I think the UK stood tall until fairly recently. I think before Brexit.

It was the intentional decoupling from the rest of the world that Brexit represents that meant that people in other countries started to ask what we were thinking. The fact that there was a cohort of people in this country who couldn't actually see the benefits of the union we were in and wanted to go it alone - effectively pretending that we are the Empire that we used to be long ago.

People I know from other countries, not just Europe, are looking on and wondering what we are thinking. And then we elect a government that are incompetent, that lie to us, and that only do things to enhance their own narrow agendas.

We break treaties and ignore the ones we've decided we don't like, and are starting to change things that we think are too restrictive, even though they make the world a better place. I'm not proud at the moment.

Caleo Fri 14-Jan-22 13:04:47

Moral leadership instead of self seeking lies.

Caleo Fri 14-Jan-22 13:06:16

The second world war , then Clement Attlee's government were the best times.

Whitewavemark2 Fri 14-Jan-22 13:23:24

It starts with politicians of integrity. Look at how entirely embarrassing Johnson was as foreign secretary. Look what he said on numerous visits! The rot started then. It has continued at speed since Johnson’s premiership, and every minister is culpable.

Baggs Fri 14-Jan-22 13:35:55

Thanks for the replies, A and C.

mayisay Fri 14-Jan-22 13:42:24

I can remember at least fifteen years ago while on holiday in Canada, that a veteran asked me "What has happened to that once great country of yours?". So this was way before a Tory Government, and Brexit. I believe mass immigration has been a major factor, and we are losing our identity in England.

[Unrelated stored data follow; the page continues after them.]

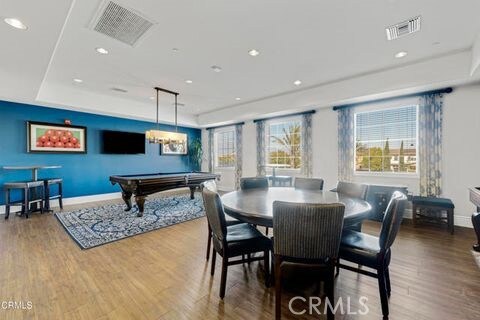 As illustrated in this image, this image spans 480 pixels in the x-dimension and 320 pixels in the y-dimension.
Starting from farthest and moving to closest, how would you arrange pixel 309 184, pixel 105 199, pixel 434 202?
pixel 105 199 → pixel 434 202 → pixel 309 184

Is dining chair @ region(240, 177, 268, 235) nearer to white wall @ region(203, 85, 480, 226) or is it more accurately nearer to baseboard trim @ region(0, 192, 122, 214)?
white wall @ region(203, 85, 480, 226)

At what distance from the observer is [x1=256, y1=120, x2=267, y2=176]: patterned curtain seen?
677 centimetres

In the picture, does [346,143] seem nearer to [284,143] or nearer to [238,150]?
[284,143]

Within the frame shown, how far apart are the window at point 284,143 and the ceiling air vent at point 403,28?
129 inches

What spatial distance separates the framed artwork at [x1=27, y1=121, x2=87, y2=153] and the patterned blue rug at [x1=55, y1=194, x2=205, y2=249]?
1790mm

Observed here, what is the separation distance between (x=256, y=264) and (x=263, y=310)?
31.6 inches

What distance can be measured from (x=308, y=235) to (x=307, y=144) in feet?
14.7

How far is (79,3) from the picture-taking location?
2.24 meters

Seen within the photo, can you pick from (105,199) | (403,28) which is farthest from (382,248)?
(105,199)

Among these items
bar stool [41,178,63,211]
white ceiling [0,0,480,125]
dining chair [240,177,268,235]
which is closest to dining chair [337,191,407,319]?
dining chair [240,177,268,235]

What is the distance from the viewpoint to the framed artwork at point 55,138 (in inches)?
197

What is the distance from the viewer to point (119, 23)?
2.56m

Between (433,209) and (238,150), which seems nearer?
(433,209)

Kali2 Fri 14-Jan-22 13:45:51

Been watching East Enders! wow.

GagaJo Fri 14-Jan-22 13:53:29

Totally disagree, mayisay. I think one of the benefits or positive points of the UK is our multi cultural society.

Whitewavemark2 Fri 14-Jan-22 13:58:43

James Oh Brien
@mrjamesob
·
20h
Boris Johnson, Jacob Rees-Mogg & Andrew Windsor are currently the faces of ‘Global Britain’.

This is the problem.

Dinahmo Fri 14-Jan-22 14:04:47

mayisay we have always had immigration to this country. We
are a mixture and IMO that is a good thing. How long ago was it that Chicken Korma was first voted the nation's favourite dish?

Kamiso Fri 14-Jan-22 14:06:05

In the early seventies I worked with a miserable grumpy old man who kept insisting the country had gone to the dogs! He brought a pregnant young colleague to tears with his insistence that it was a terrible world to bring a child into.

Good job many of us didn’t feel the same way as we would have no children or grandchildren to enjoy or lives to really live.

Life is what you make it. You can choose to wallow in gloom and misery or make an effort to think of the positives in your life and just get on with it.

Whitewavemark2 Fri 14-Jan-22 14:07:32

Kamiso

In the early seventies I worked with a miserable grumpy old man who kept insisting the country had gone to the dogs! He brought a pregnant young colleague to tears with his insistence that it was a terrible world to bring a child into.

Good job many of us didn’t feel the same way as we would have no children or grandchildren to enjoy or lives to really live.

Life is what you make it. You can choose to wallow in gloom and misery or make an effort to think of the positives in your life and just get on with it.

What you are talking about is quite different from what the OP meant.

Dinahmo Fri 14-Jan-22 14:09:10

Baggs Probably when Cameron resigned.

When will the UK be kicked out of the G7 and the G20? Since the G20 is about money I don't suppose that matters too much but the G7 - the group of the most powerful nations in the world. Can the UK really claim still to be one?